What follows is a list of things that do not count as spiritual or mystical experiences, but that are often characterized as such in Mormon testimonies. They are in no particular order.

1. Negative Confirmations: These happen when I either want to do something or thought I should do something, and so I prayed for guidance, and God did not definitely tell me “no,” and afterward I felt an increased desire and/or obligation (as the case may be) to do the thing. But that’s not personal revelation; it’s what I wanted to do anyway. Silence from God can’t possibly be evidence of God’s influence in my life. The increased motivation post-prayer is just excitement or resignation in the absence of a contrary instruction from God, along the lines of “God didn’t say ‘no,’ so it is definitely the right thing to do, and it’s coincidentally what I wanted to do anyway! Hooray!

2. A Burning In The Bosom: Mormon scriptures describe prayers being answered by personal revelation in the form of a “burning in the bosom”: a warm sensation in the chest. This happens to Mormons, and it shouldn’t be a surprise at all, because it is basic Classical Conditioning at work. Let’s say that for my whole life I am told that I will feel a warm sensation when certain triggers happen (when I pray, when I read the scriptures, when I go to church, when I am with my family, whatever) and that this warm feeling is the Holy Ghost. When this warm feeling inevitably results, it is not the Holy Ghost at all. I have conditioned myself. I have spent my life looking for a particular sensation whenever the appropriate trigger is present, and eventually my body obliges my mind by producing said sensation. This makes me happy because it confirms my religion to me, and it is the thing I have been wanting to happen. Thus, my body learns that producing a warm feeling in response to certain triggers makes me happy. This is not called God. This is called Pavlov’s dog.

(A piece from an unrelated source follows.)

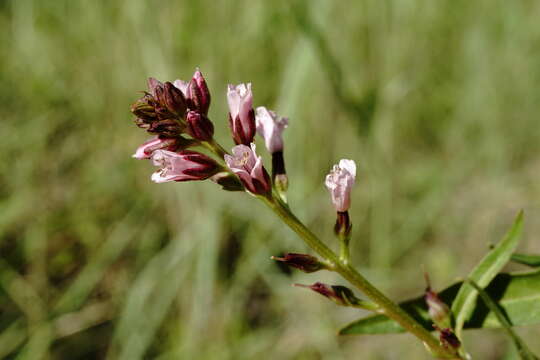 Image of Lysimachia dubia Solander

3. Intense Emotional Responses: When I watch a Church movie, I may indeed get choked up and emotional when something poignant and magical happens. But this isn’t personal revelation of the gospel truth being presented in the movie; this is my emotions being manipulated. TV shows and movies do this all the time. Filmmakers, directors, artists, composers, musicians, and writers can and do purposely arrange this stuff to tug at your heartstrings and make you feel certain emotions. And it happens in other situations, too (the kinds of legitimately emotional situations that these filmmakers are trying to artificially provoke): when I bear my testimony I might cry because I am sharing something deeply personal and emotional, so I have emotions when I talk about it. But that’s not the presence of God; that’s just having feelings.

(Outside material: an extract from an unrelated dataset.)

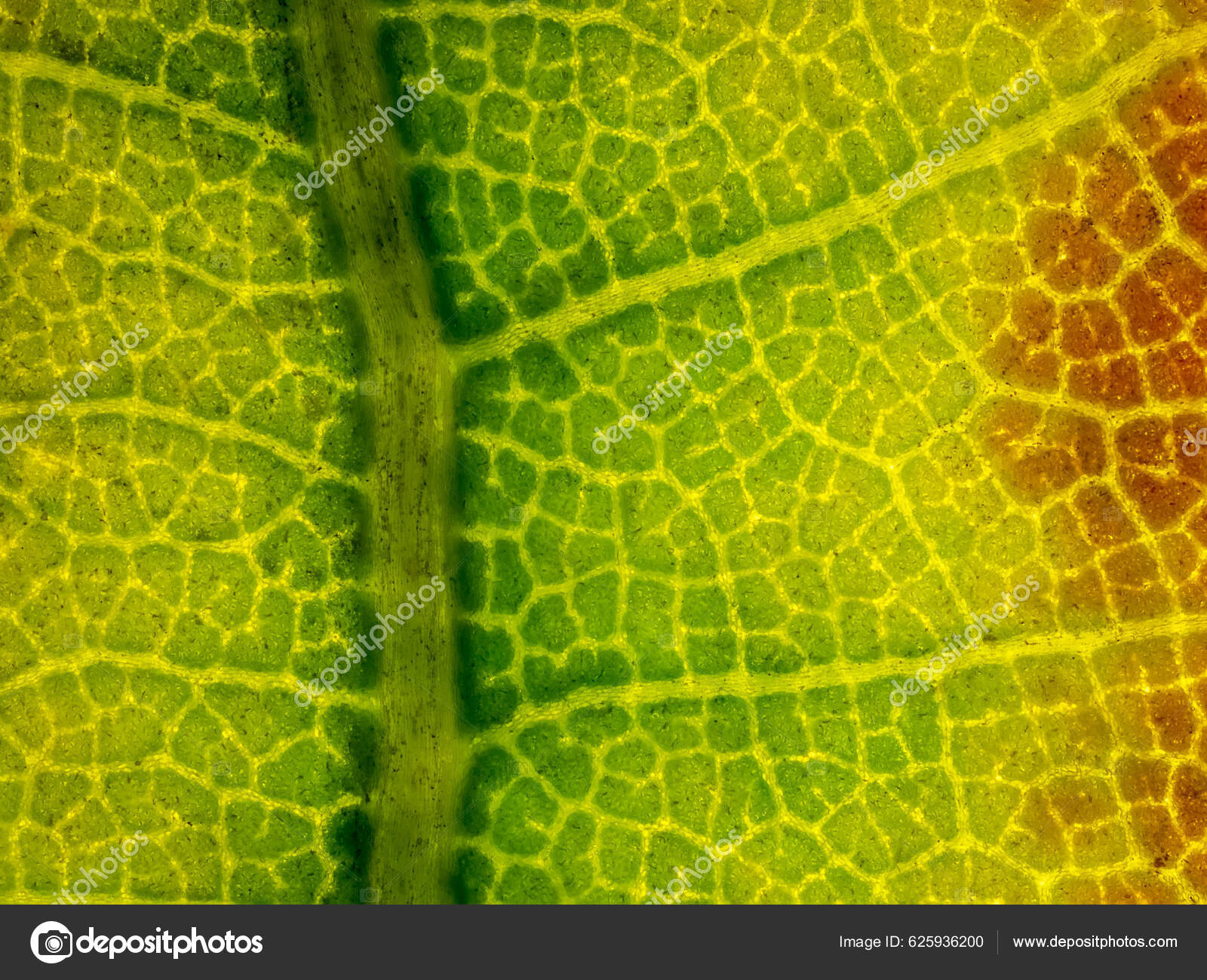 Milliy libosdagi ukrainalik ayol porno surat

4. Contentment And Happiness: Feeling generally happy and content about the spiritual tradition and related community that I have been brought up in is just normal. It’s a classic case of the grass looking greener on this side of the fence, and it results from a basic human complacency with the status quo. People are comfortable with what they know, and being comfortable feels pleasant. On the other side of the coin, converts to Mormonism may feel happy and content with their adopted faith tradition, but again, this comes from natural and expected feelings of gratitude and newfound belonging. Belonging feels good, whether it’s a church or a street gang. Being happy with your religion is a perfectly good reason to stick with your religion. But is isn’t a mystical message from God that your religion is the one true path, because pretty much everyone feels that way about their own religion.

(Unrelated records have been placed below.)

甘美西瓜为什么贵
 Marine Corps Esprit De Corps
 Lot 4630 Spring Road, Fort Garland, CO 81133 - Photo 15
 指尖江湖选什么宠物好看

5. “Impressions”: When I suddenly feel impressed to knock on a door, to approach someone on the street or a train, or to get up and bear my testimony, I may think something along the lines of the following: “hey, I just had a thought about doing that–I wonder if it was God telling me to do it. No, it was just a thought. Bt wait, what if I am talking myself into ignoring the Spirit? Is the Holy Ghost telling me to do this and I am just brushing it off? Why would I do that? Of course this was an impression; of course this was the Holy Ghost!” That is not personal revelation from God; that is a hilarious mind game you are playing with yourself.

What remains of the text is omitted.